The five leading cities for investment prospects in 2016 are Berlin at the top spot, followed by Hamburg, Dublin, Madrid and Copenhagen, according to a forecast published jointly by the Urban Land Institute (ULI) and PricewaterhouseCoopers (PwC). The property developers, investors and operators leading the pack are paying more attention to the role the physical office plays in talent management and workplace productivity.

Rapidly changing demands of occupiers and the disruptive forces of technology, demographics, social change, and rapid urbanisation are permeating the European real estate value chain, says the report. These ground-level disruptions have led to investors focusing on cities and assets rather than countries. This is also visible in investors demonstrating more interest in alternative, operational sectors that have benefited from rapid urbanisation and demographic shifts, such as healthcare, hotels, student accommodation and data centres. Some 41% of survey respondents would consider investing in alternative sectors, compared to just 28% in last year’s survey.
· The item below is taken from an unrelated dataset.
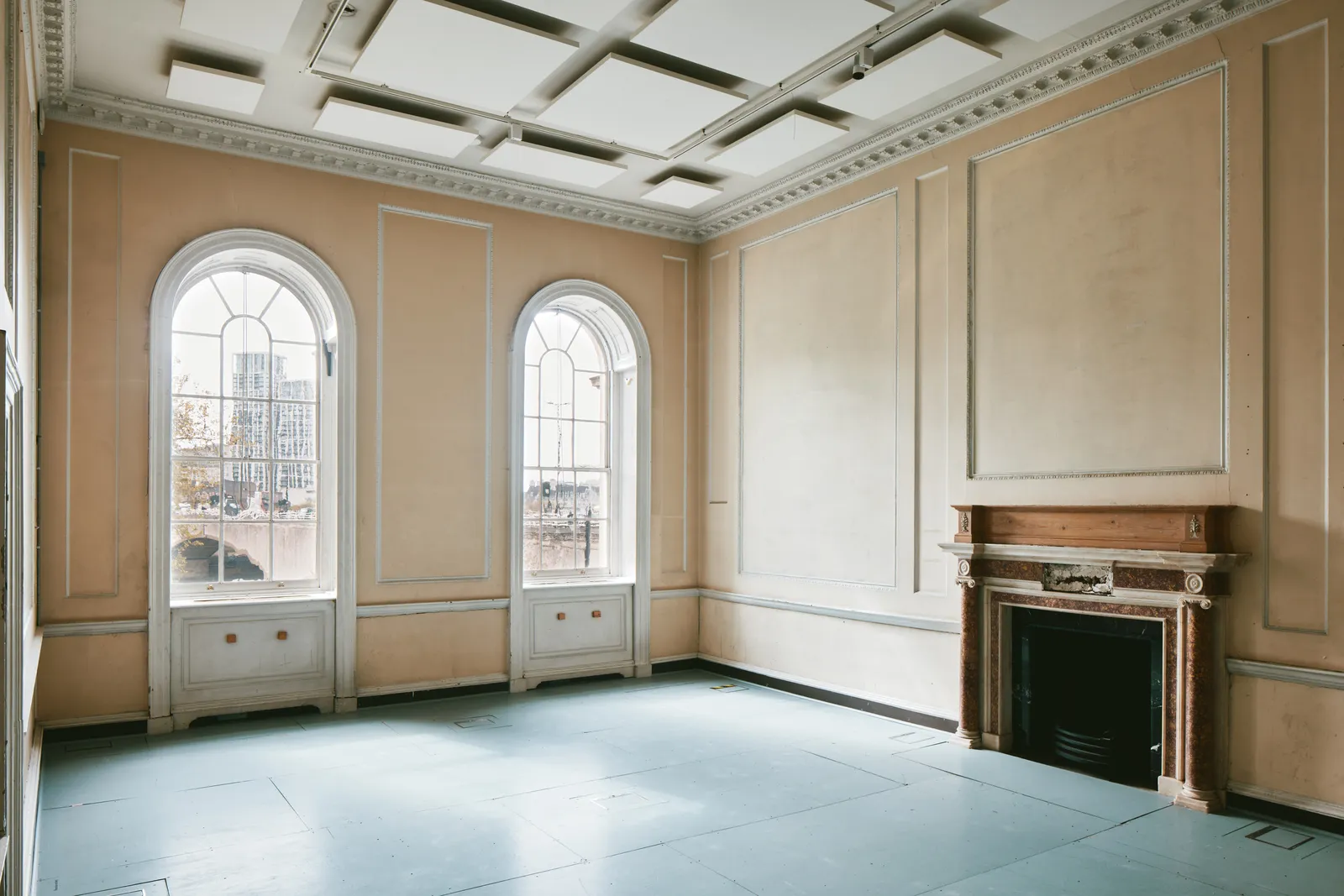 Somerset House River Rooms: Historic blank-canvas venue for private dining and brand activations.
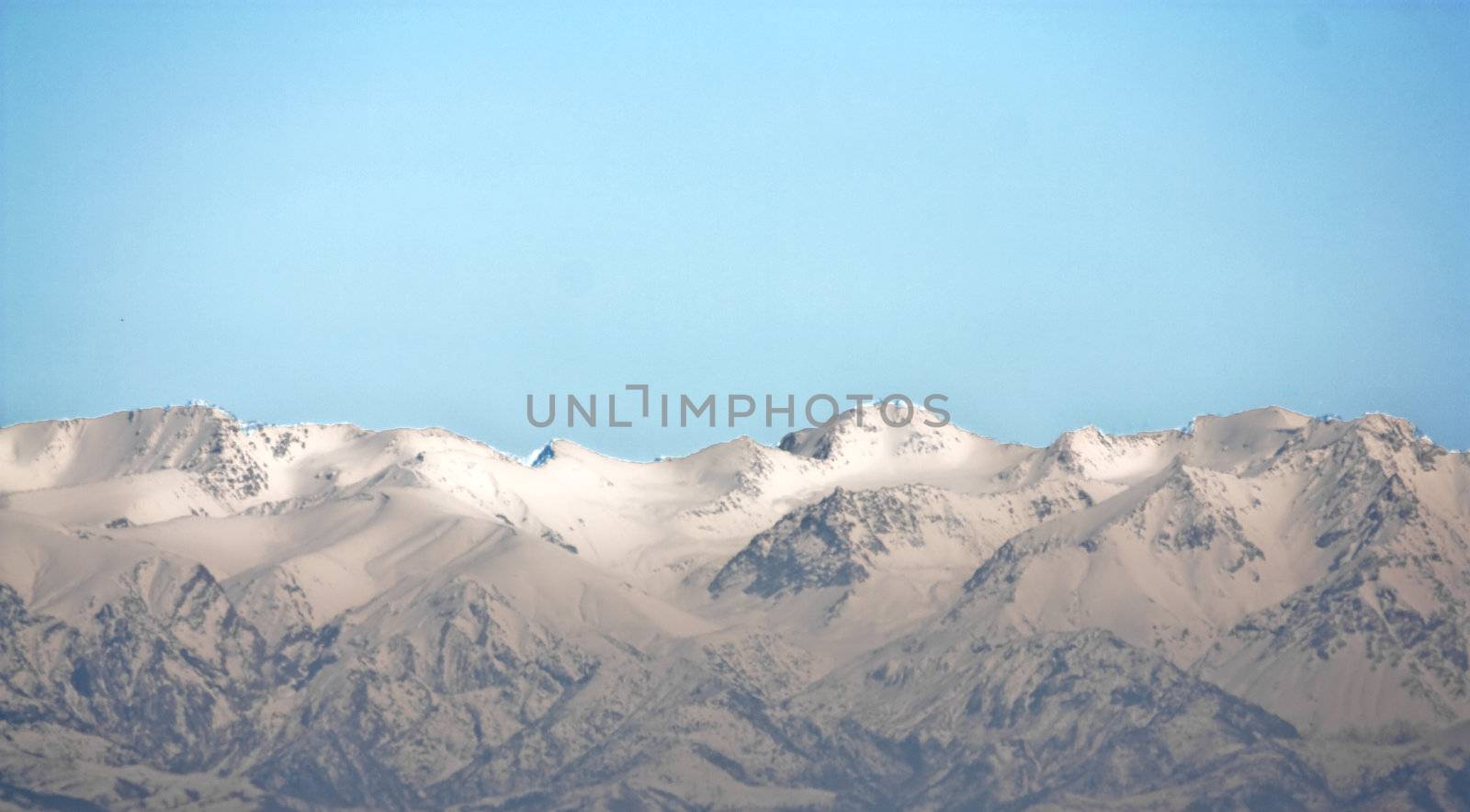 Tien Shan Mountains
The high street retail and logistics sectors, which have benefited from technological advances and improving economic conditions, are also predicted to fare well in 2016.

In addition, development is expected to create value in 2016, with 78% of respondents citing it as an attractive way to acquire prime assets. More progressive developers and investors are innovating in an attempt to meet the needs of increasingly informed and demanding occupiers.